Extracted material:
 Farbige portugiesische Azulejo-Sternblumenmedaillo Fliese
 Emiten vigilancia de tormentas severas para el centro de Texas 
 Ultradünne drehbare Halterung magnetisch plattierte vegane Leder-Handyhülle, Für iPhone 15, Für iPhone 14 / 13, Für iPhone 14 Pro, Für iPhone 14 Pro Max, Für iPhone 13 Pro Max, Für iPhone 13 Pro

...

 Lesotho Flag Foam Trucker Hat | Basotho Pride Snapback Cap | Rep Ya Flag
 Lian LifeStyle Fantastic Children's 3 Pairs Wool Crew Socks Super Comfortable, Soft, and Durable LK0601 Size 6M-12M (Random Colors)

Aim of the task:
After locating the line holding "Emiten vigilancia de" above, output exactly that line and every line after it through the line holding "Ultradünne drehbare Halterung". Include nothing else.

Solution to the problem:
 Emiten vigilancia de tormentas severas para el centro de Texas 
 Ultradünne drehbare Halterung magnetisch plattierte vegane Leder-Handyhülle, Für iPhone 15, Für iPhone 14 / 13, Für iPhone 14 Pro, Für iPhone 14 Pro Max, Für iPhone 13 Pro Max, Für iPhone 13 Pro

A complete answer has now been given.